10. En réponse au paragraphe 24 de l'avis d'appel, il admet uniquement que M. Simpson était associé au Wellington Centre for Seniors. Par ailleurs, il n'est pas au courant des faits allégués dans ce paragraphe.

11. En réponse au paragraphe 34 de l'avis d'appel, il admet uniquement qu'un projet visant à recueillir des fonds par le truchement d'une société en commandite a été mis sur pied, puis abandonné. Par ailleurs, il n'est pas au courant des faits allégués dans ce paragraphe.

12. En réponse au paragraphe 36 de l'avis d'appel, il admet uniquement que l'appelant a acquis sa participation dans le Wellington en novembre 1987 environ.

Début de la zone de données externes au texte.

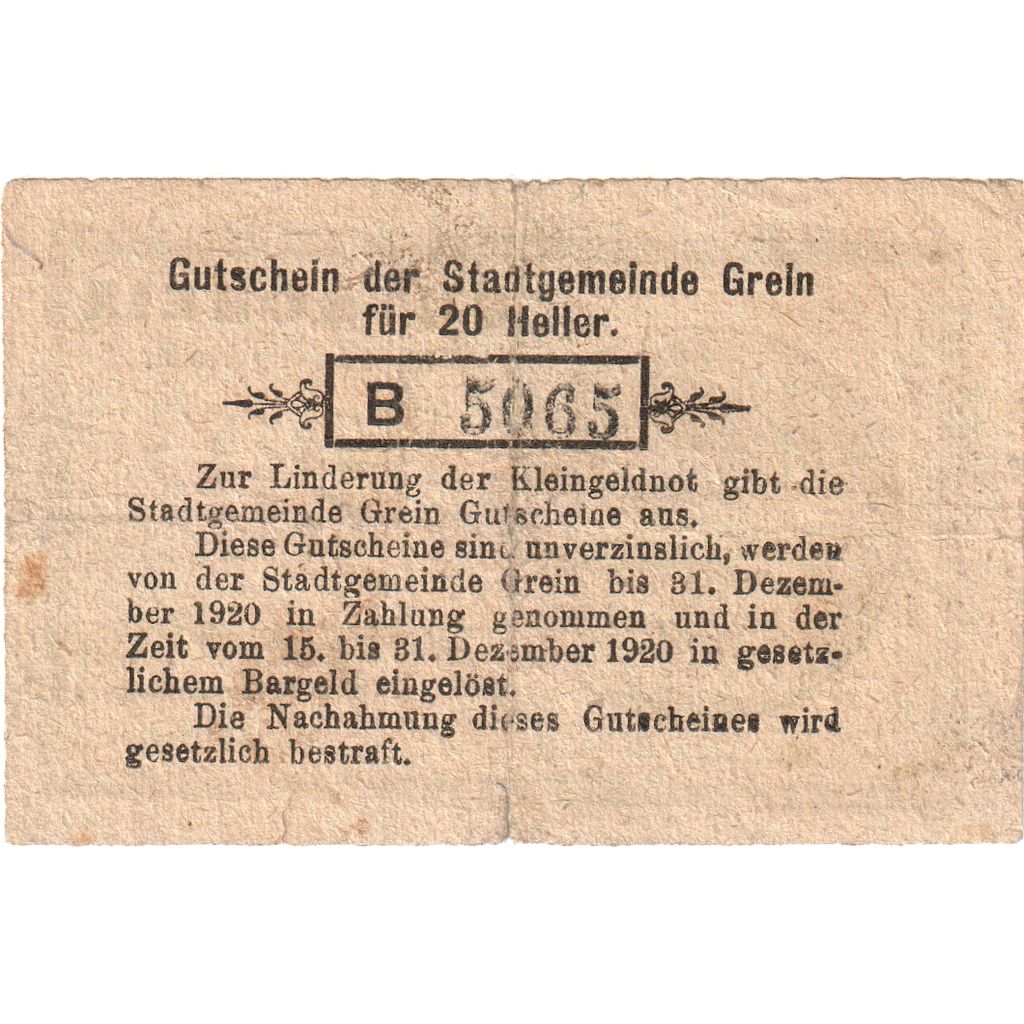 Österreich, Grein, 20 Heller, 1920-12-31, S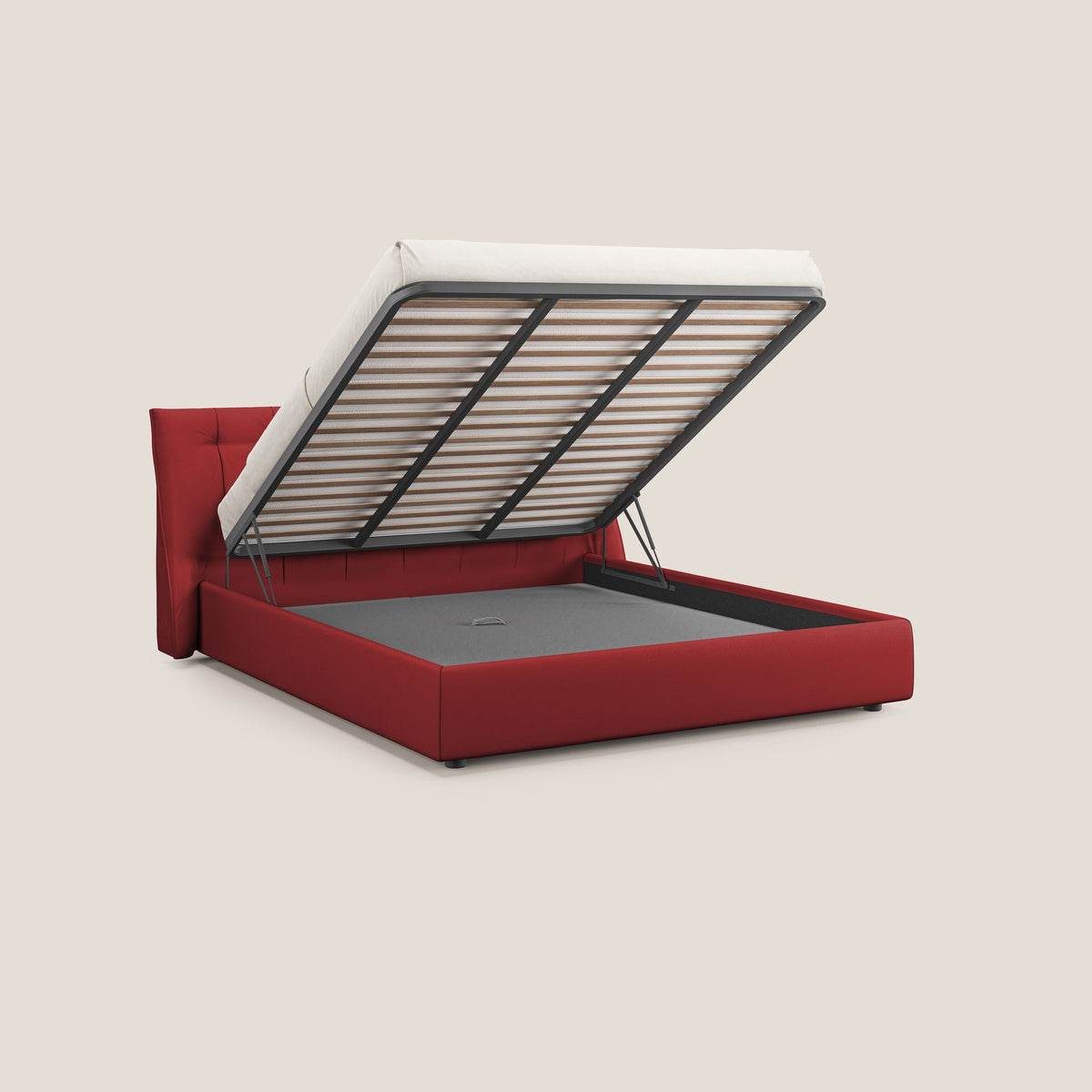 Clizia letto imbottito di design con vano contenitore in ecopelle impermeabile T04 rosso - divitt.sbs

Par ailleurs, il n'est pas au courant des faits allégués dans ce paragraphe.

13. En réponse au paragraphe 39 de l'avis d'appel, il admet uniquement que, dans sa déclaration de revenu pour l'année 1991, l'appelant a déduit le montant de 12 609 $ à titre de perte d'entreprise, mais il affirme que ce montant représentait la somme investie plus les dépenses.

[...]

18. Pour établir la nouvelle cotisation à l'égard de l'appelant pour l'année d'imposition 1991, le ministre s'est appuyé sur les allégations de fait suivantes :

a) RPIM a été constituée en société en juin 1984 pour faciliter l'achat et la gestion des propriétés situées dans les régions d'Ottawa et de Kingston;

b) à toutes les périodes pertinentes, RPIM était assujettie à l'autorité de Glenn Lucas;

c) RPIM et son prédécesseur, Glenn T. Lucas Financial Services, se sont occupés de la gestion de maisons individuelles, de duplex, de triplex et de maisons à logements de même que de centres de villégiature et de projets de construction;

d) RPIM et Glenn Lucas exploitent une entreprise de promotion et de gestion d'abris fiscaux;

e) à toutes les périodes pertinentes, l'appelant était employé chez Drytex et n'exploitait pas une entreprise d'achat et de vente de biens immobiliers;

[...]

Le Wellington Centre for Seniors (le “ Wellington Centre ”)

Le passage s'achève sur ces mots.